Pour ceux qui douteraient encore de l’objectif de ce texte, précisons que les entreprises n’ont pas d’obligation de résultat dans l’information des passagers.

Les obligations, c’est pour le salarié. La loi ne manque d’ailleurs pas de lui rappeler qu’il encourt des sanctions disciplinaires. C’est bien principalement cette partie du texte qui est mise en exergue dans la communication anti-grève d’Air France.

Libertés d’interprétation


Dans un mémo très orienté, Air France prend quelques libertés d’interprétation de la loi. Elle précise les obligations et met l’accent sur les sanctions.

Pour les obligations, elle précise un peu trop. Quitte à sortir du cadre de la loi, Air France introduit un préavis pour les activités au sol qui ne correspondent pas à l’objet de la loi. Elle définit une procédure de déclaration et un moyen de contact restrictif quand la loi l’autorise seulement à désigner la personne à prévenir dans l’entreprise… La procédure imposée par la compagnie génèrerait pour certains salariés, dans certains cas, des impossibilités d’exercer son droit de grève.

  • D’autre part, la compagnie profite de cette communication pour nous livrer son interprétation du décompte des jours de grève, des possibilités de grève en escale en oubliant de mentionner le fait que certaines escales sont également des bases d’affectation de l’entreprise dans lesquelles la grève n’est pas interdite etc.
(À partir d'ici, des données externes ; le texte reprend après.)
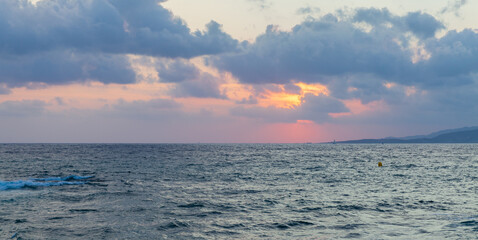 Wall Mural - Mediterranean Sea is under cloudy sky on a sunset. Propriano, Corsica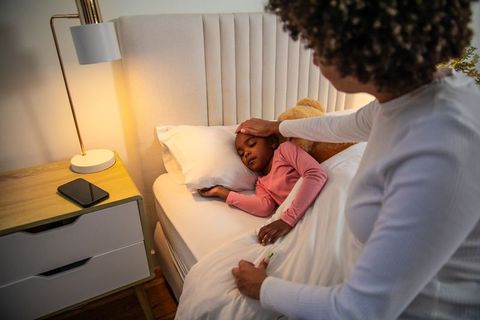 Caring mother checking sick child's temperature during bedtime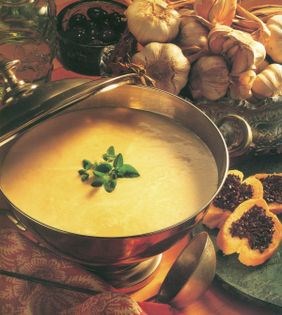 Creamy garlic soup with black olive crostini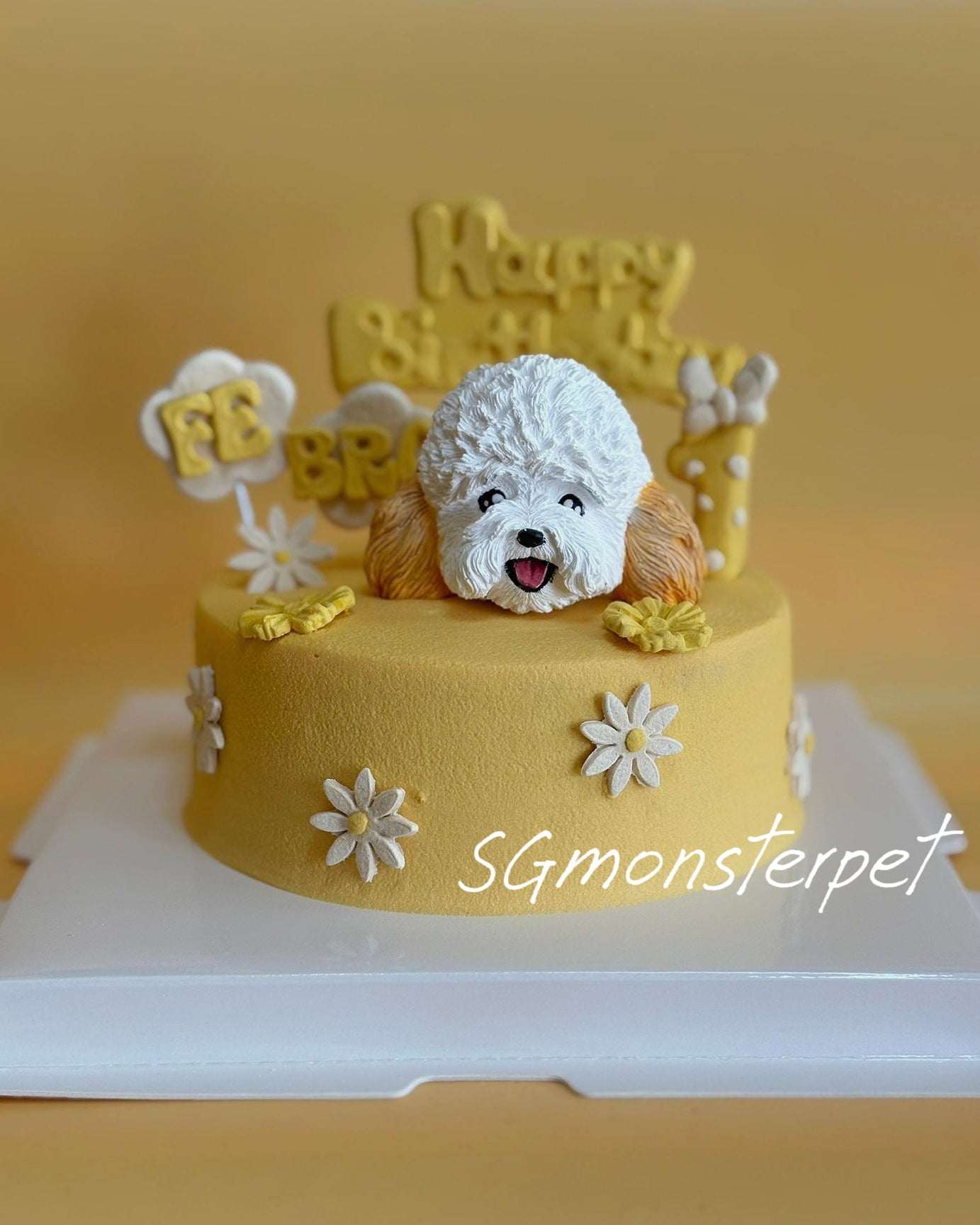 Yellow pet cake with a dog figurine and 'Happy Birthday' topper on a white stand.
Bref, beaucoup de choses fausses, inventées, non décrites par la loi, et qui, au minimum, nécessiteront des négociations, certaines devant même être tranchées par les tribunaux.


Lors de la dernière campagne électorale, de nombreuses voix se sont élevées contre cette loi et certains ont même parlé de l’abroger.

Un outil de négociation, même dégradé, reste un outil indispensable dont nous devrons apprendre à optimiser l’efficacité. Si cette loi n’est pas modifiée dans les prochains mois, nous devrons repenser l’organisation des conflits, leurs séquencements, leurs durées…

Nous devrons également être très fermes dans l’utilisation de cette loi. Nous n’oublierons pas que si elle introduit des sanctions disciplinaires pour les salariés, elle introduit également des sanctions pénales (1 an d’emprisonnement et 15 000 € d’amende) pour la personne qui utiliserait les déclarations individuelles à d’autres fins que d’organisation de l’activité et du service pendant la durée de la grève.